Step 7 — Discover Your First Host

This step uses carbide-admin-cli, the gRPC CLI for NICo Core. Build it from the NCX Core repo:

$
cd ncx-infra-controller-core/
$
cargo build --release -p carbide-admin-cli
$
# Binary: target/release/carbide-admin-cli

Alternatively, use the containerized version bundled in the carbide-api pod (available at /opt/carbide/forge-admin-cli inside the container).

The <api-url> in the commands below is the NICo Core gRPC API endpoint. This is the carbide-api hostname configured in Step 3c, not the REST API used in Step 5. The format is typically https://api-<ENVIRONMENT_NAME>.<SITE_DOMAIN_NAME>. You can also retrieve it from the LoadBalancer VIP:

$
kubectl get svc carbide-api -n forge-system -o jsonpath='{.status.loadBalancer.ingress[0].ip}'

Set Site-wide Credentials

Configure the credentials NICo will apply to BMCs and UEFI after ingestion:

$
carbide-admin-cli -c <api-url> credential add-bmc --kind=site-wide-root --password='<password>'
$
carbide-admin-cli -c <api-url> host generate-host-uefi-password
$
carbide-admin-cli -c <api-url> credential add-uefi --kind=host --password='<password>'

Upload the Expected Machines Manifest

Prepare an expected_machines.json with the BMC MAC address, factory default credentials, and chassis serial number for each host:

1
{
2
  "expected_machines": [
3
    {
4
      "bmc_mac_address": "C4:5A:B1:C8:38:0D",
5
      "bmc_username": "root",
6
      "bmc_password": "default-password",
7
      "chassis_serial_number": "SERIAL-1"
8
    }
9
  ]
10
}

Upload the manifest:

$
carbide-admin-cli -c <api-url> em replace-all --filename expected_machines.json

Approve the host for ingestion

NICo uses Measured Boot with TPM v2.0 to enforce cryptographic identity:

$
carbide-admin-cli -c <api-url> mb site trusted-machine approve \* persist --pcr-registers="0,3,5,6"

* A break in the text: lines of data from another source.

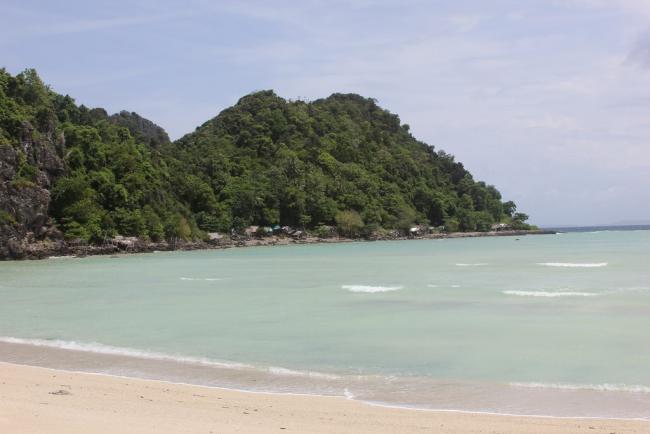 Отличная погода в Тайланде на пляже острова Пхи Пхи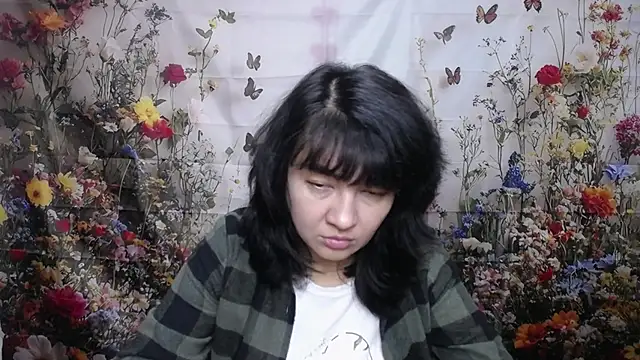 SelenaFly online show from October 17, 2025, 5:44 am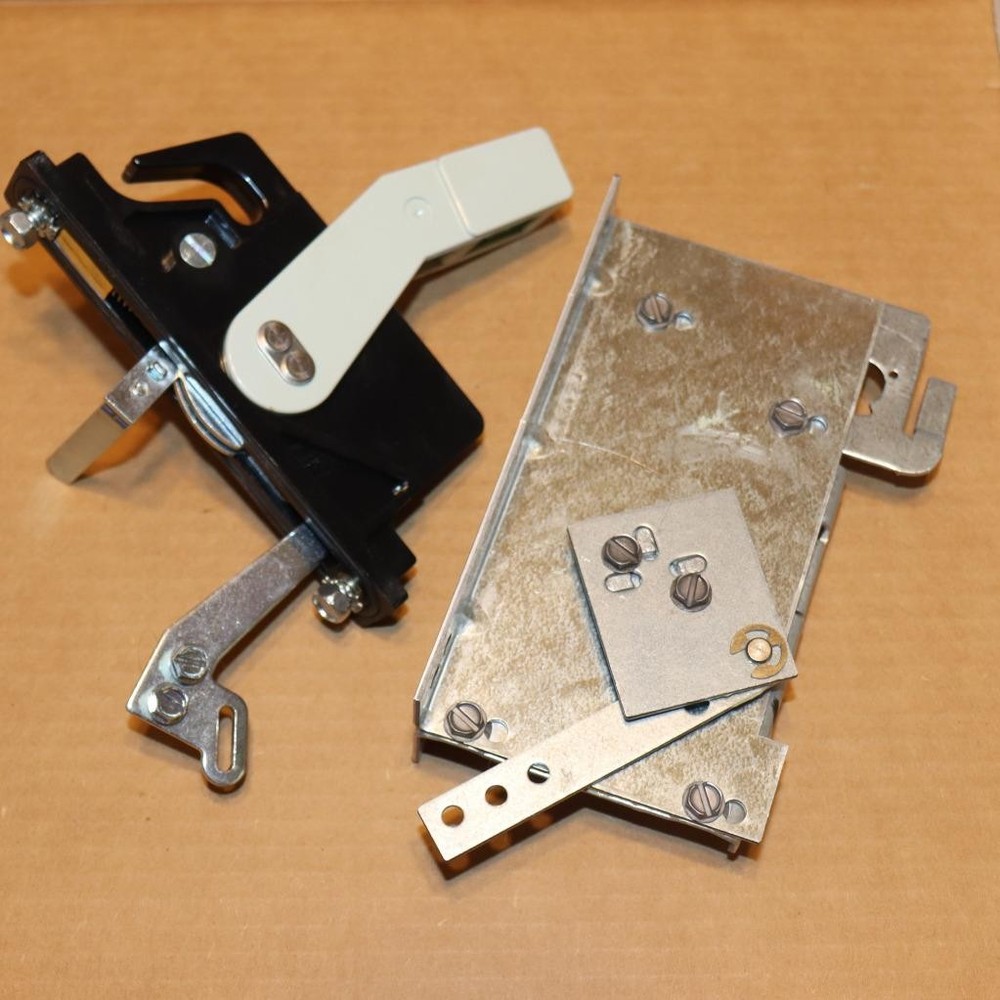 One Replacement Handle Assembly Siemens Motor Starter Combination Enclosure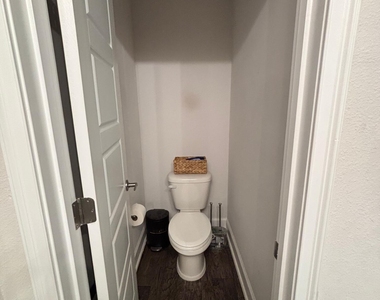 8112 Helmsley Boulevard - Photo Thumbnail 18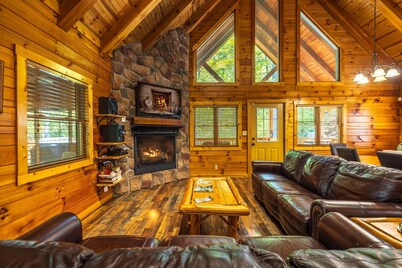 Cardinal Cabin (Hocking Hills area)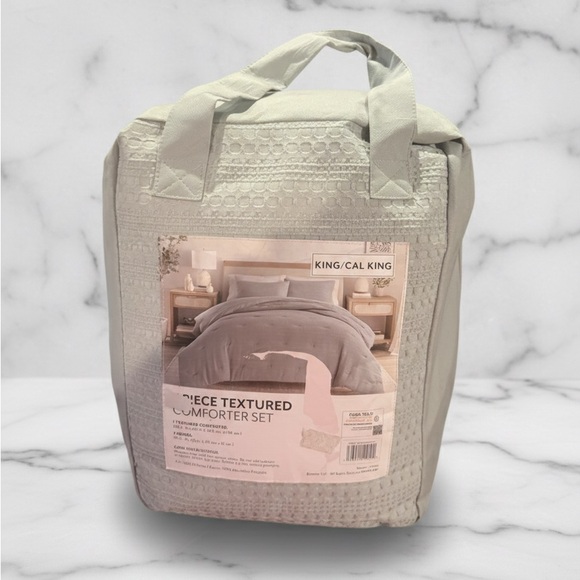 King/Cal King Textured Comforter Set NWT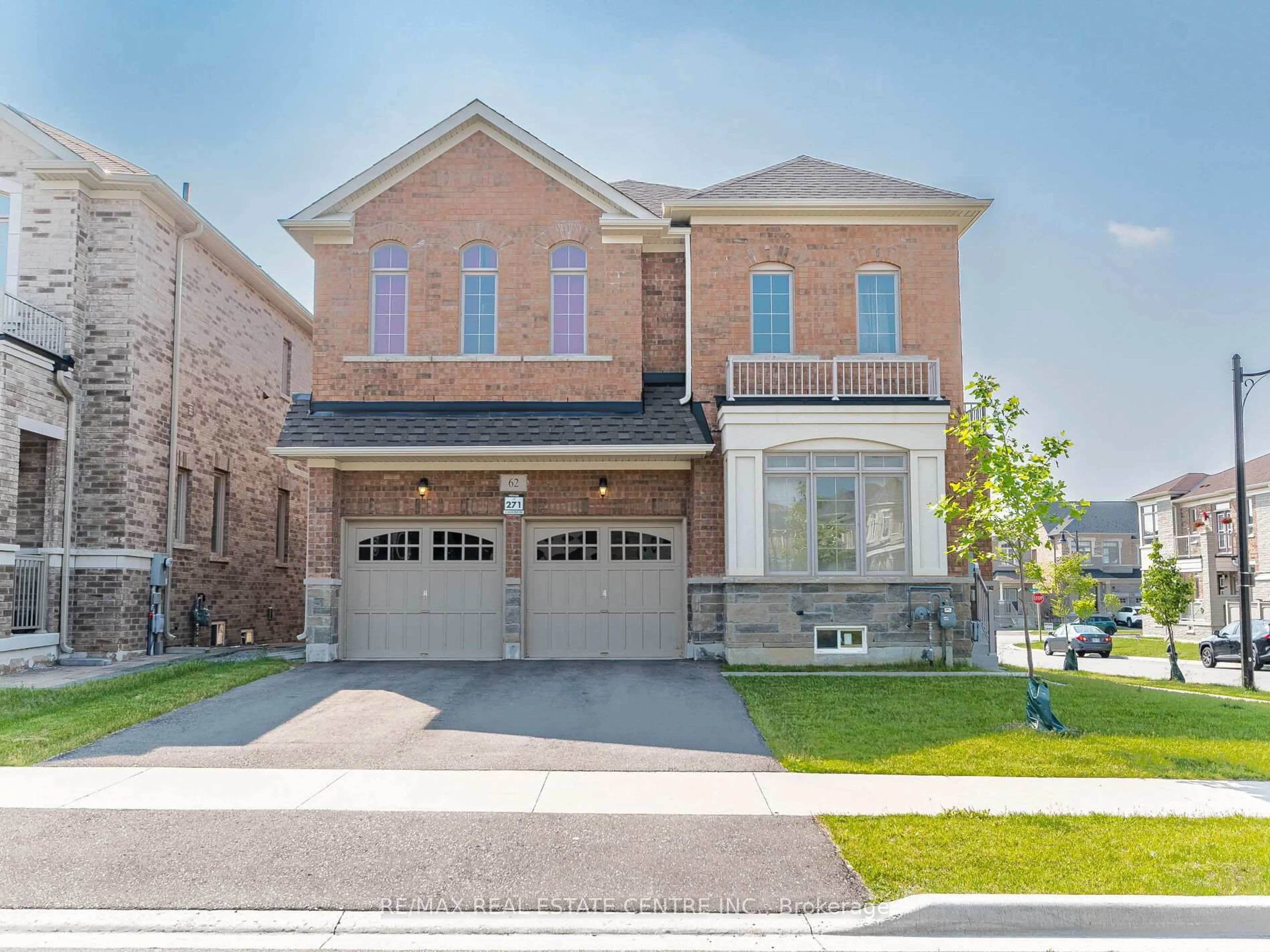 Home with brick exterior material, street for 62 Granite Ridge Tr, Hamilton Ontario L8B 1Y6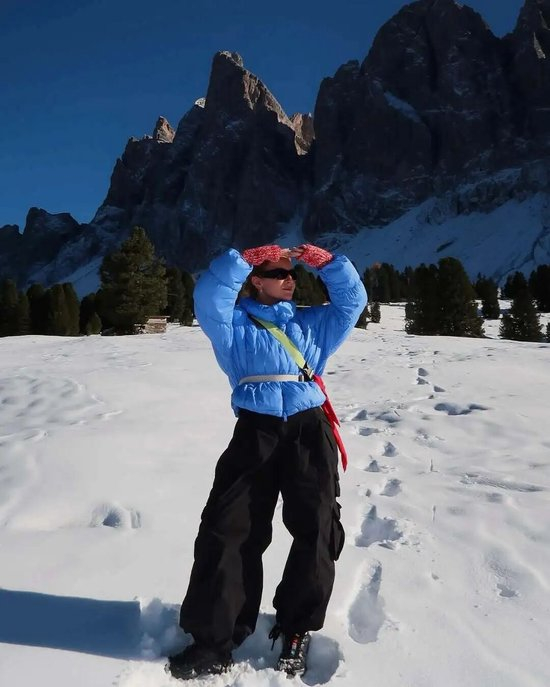 寒冬已至,少不了一件平衡美与暖的羽绒服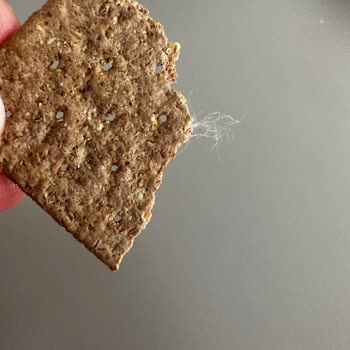 Eti Gıda Eti Form İçinden Tüy Çıktı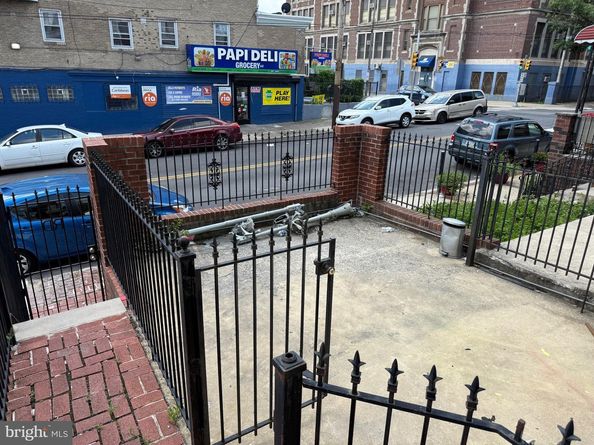 819 Lindley Avenue, Philadelphia PA 19141
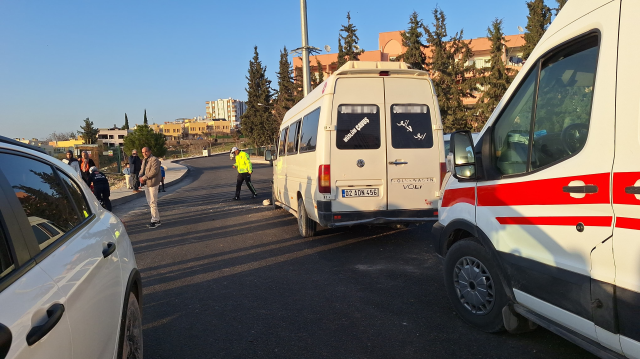 tarim iscilerini tasiyan minibus direge carpti 1 19570411 2764 m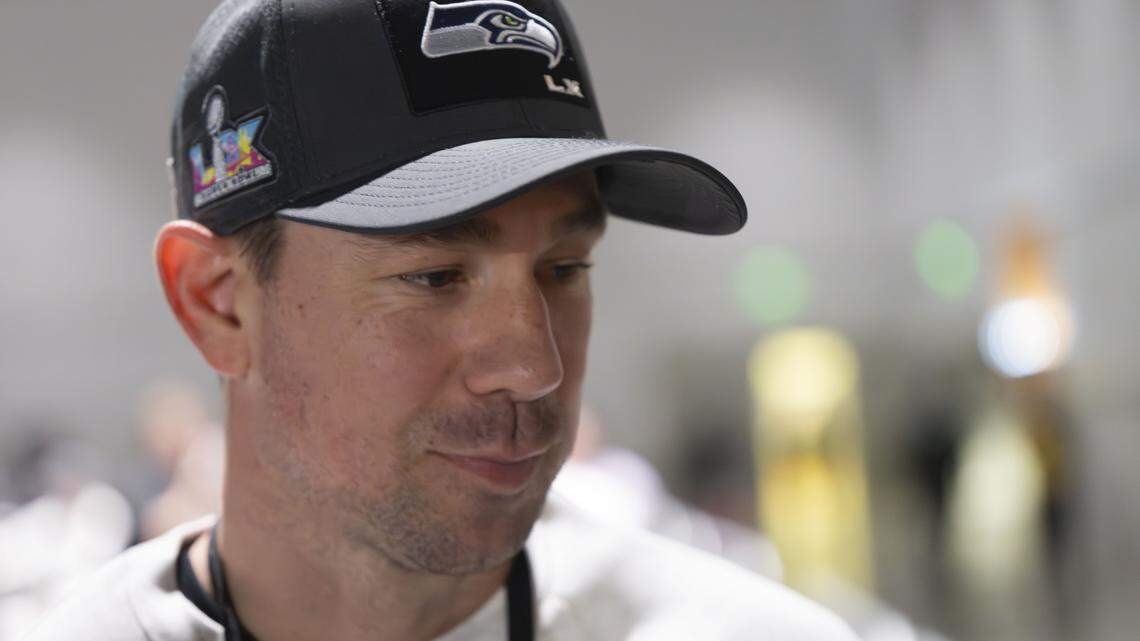Who is Seahawks OC Klint Kubiak, and what would he bring to Raiders as head coach?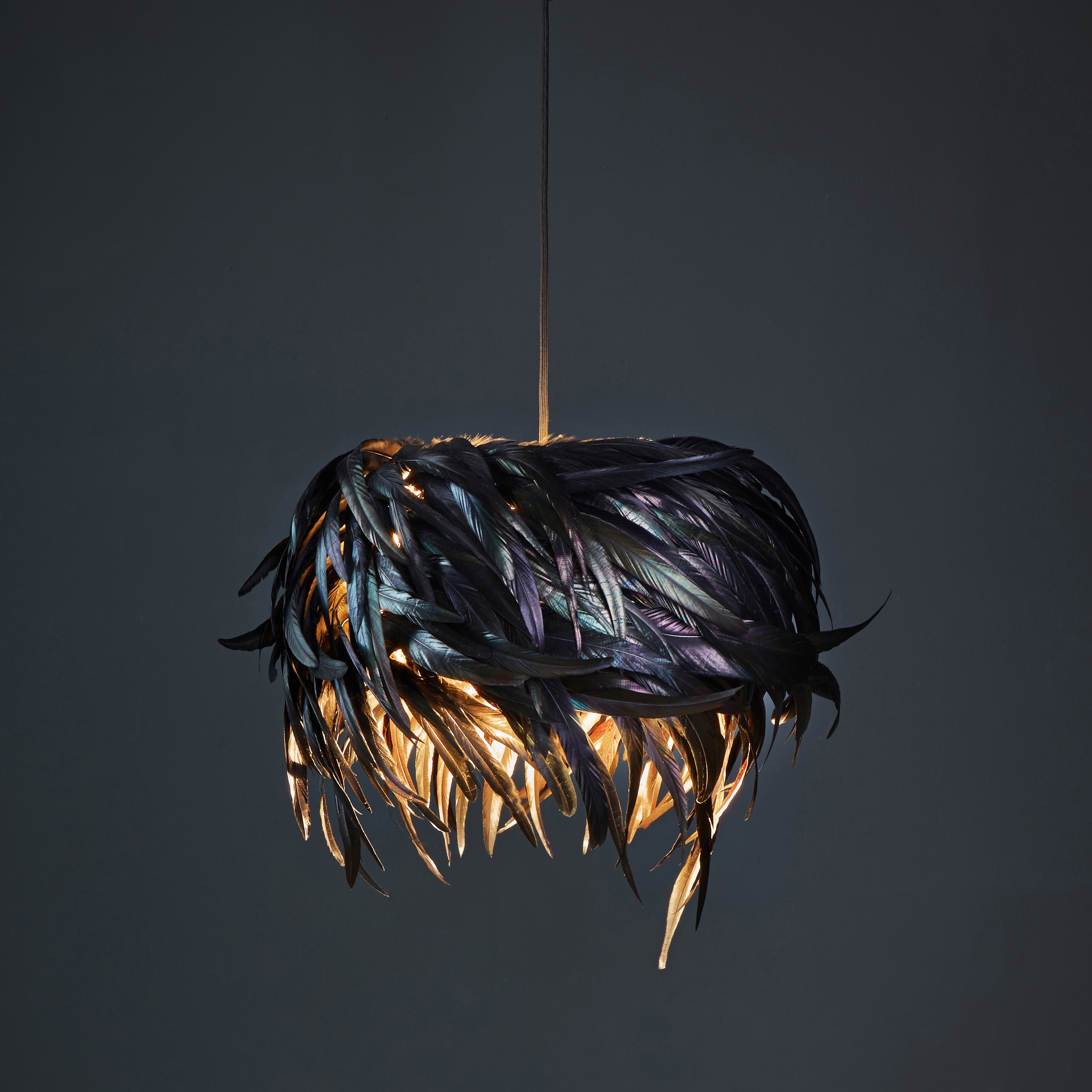 Mostrar el producto luna oscura del fabricante pluma cubic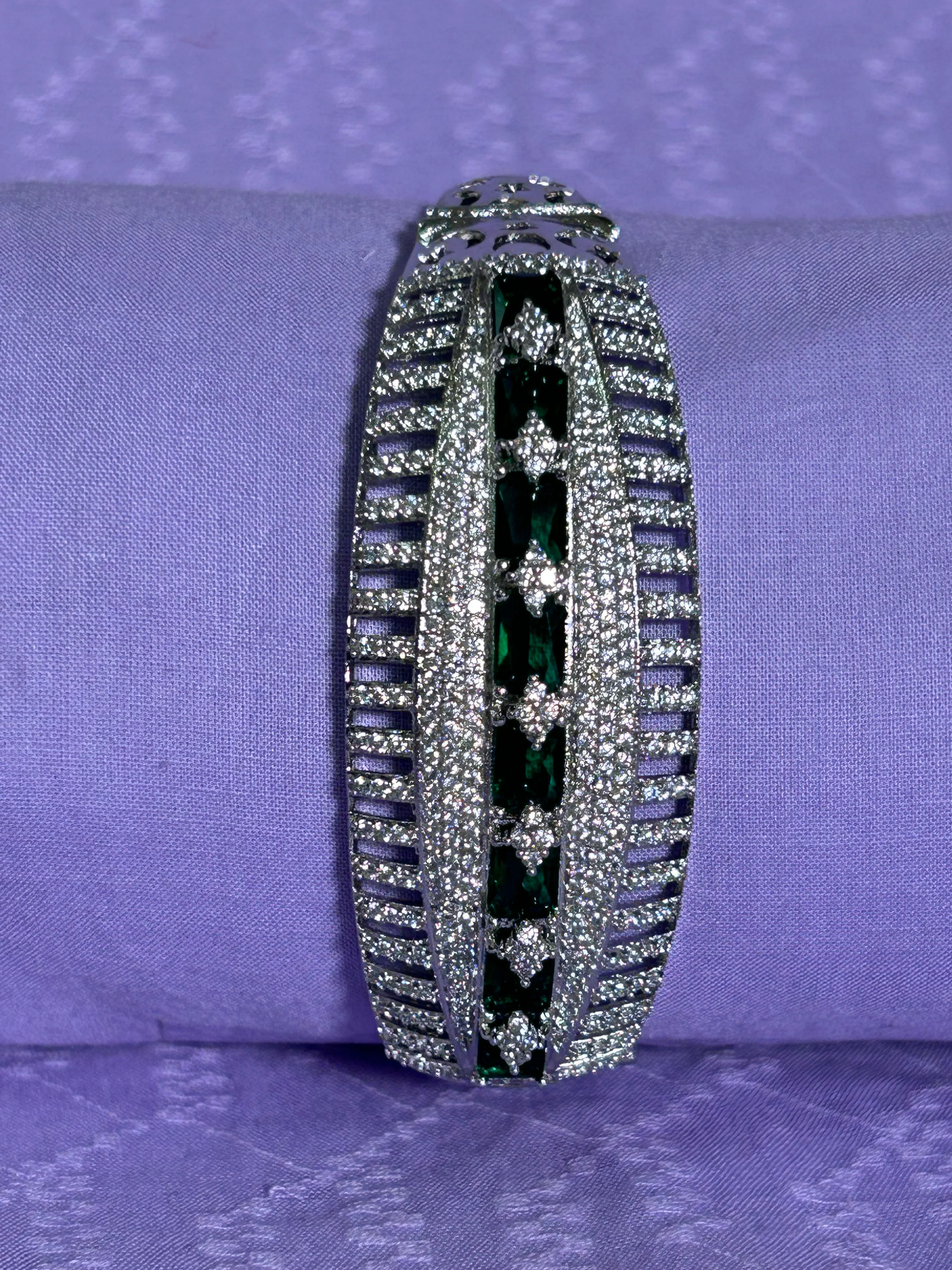 ANTAARA DELICATE DIAMOND BRACELET - Image 5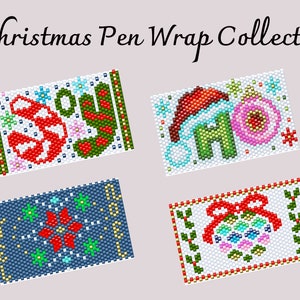 Op de afbeelding: Vier verschillende kerst-penomslagen met kralenontwerpen. De ontwerpen omvatten "Joy" met een snoepstok en een sok, "Ho" met een kerstmanmuts en een ornament, een kerststerbloem en een kerstversiering met een strik.
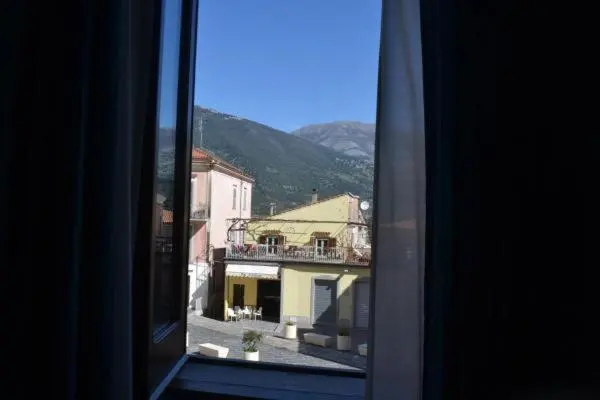 スタンダードルーム, La Stanza Dell Angolo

NICo will now discover the host via Redfish, pair it with its DPU(s), provision the DPU, and bring the host to a ready state. For more details, refer to the Ingesting Hosts guide.

Monitor Host Discovery

$
kubectl logs -n forge-system -l app.kubernetes.io/name=carbide-api --tail=50 \
>
    | grep -i "site explorer\|bmc\|discovery"

Teardown

To perform teardown, run the following command:

$
cd helm-prereqs/
$
./clean.sh

This removes NCX REST, NCX Core, all helmfile releases, cluster-scoped resources, namespaces, and released PersistentVolumes. For details on what clean.sh does and the removal order, refer to the Reference Installation guide.